What the exercise asks
Copying rule for the data below: pictures stay out, and only the lines from the one with "All righty then." down to the one with "Hey there geeks, Tim", inclusive, are repeated exactly.

Records for this task
= Beginning of Section =
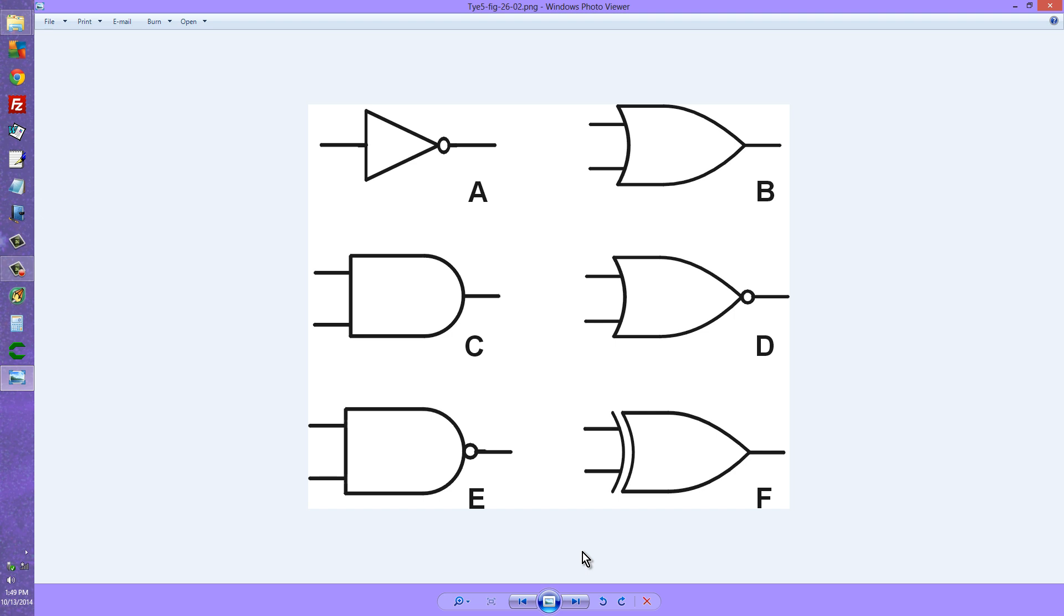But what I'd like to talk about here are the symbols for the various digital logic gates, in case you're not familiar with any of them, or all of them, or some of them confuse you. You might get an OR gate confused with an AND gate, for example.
= End of Section =
= Beginning of Section =
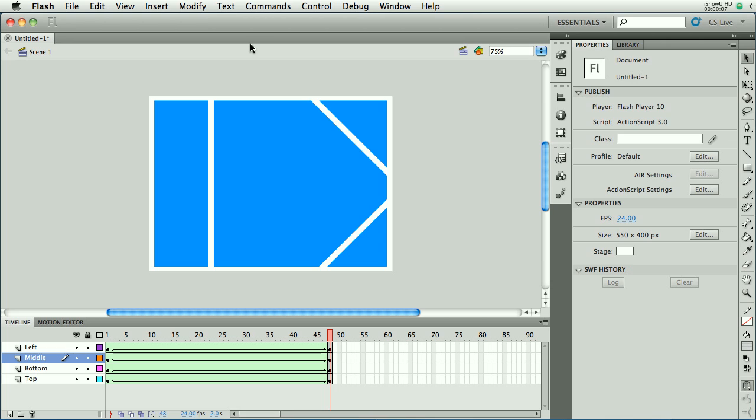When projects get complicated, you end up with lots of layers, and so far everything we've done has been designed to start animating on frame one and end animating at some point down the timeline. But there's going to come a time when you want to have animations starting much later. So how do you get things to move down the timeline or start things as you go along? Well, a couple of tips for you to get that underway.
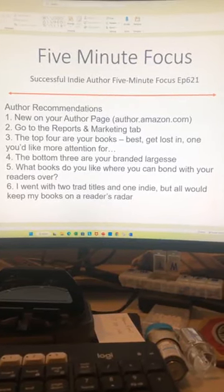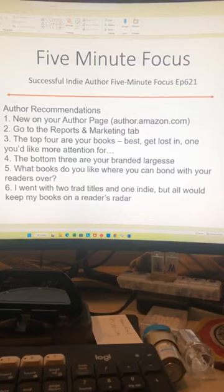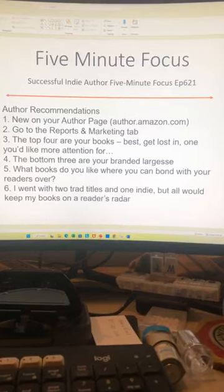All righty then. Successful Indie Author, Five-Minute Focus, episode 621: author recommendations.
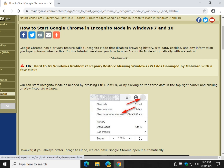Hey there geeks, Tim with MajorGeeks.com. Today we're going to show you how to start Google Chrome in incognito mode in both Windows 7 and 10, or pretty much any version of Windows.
= End of Section =
Completed exercise
All righty then. Successful Indie Author, Five-Minute Focus, episode 621: author recommendations.
Hey there geeks, Tim with MajorGeeks.com. Today we're going to show you how to start Google Chrome in incognito mode in both Windows 7 and 10, or pretty much any version of Windows.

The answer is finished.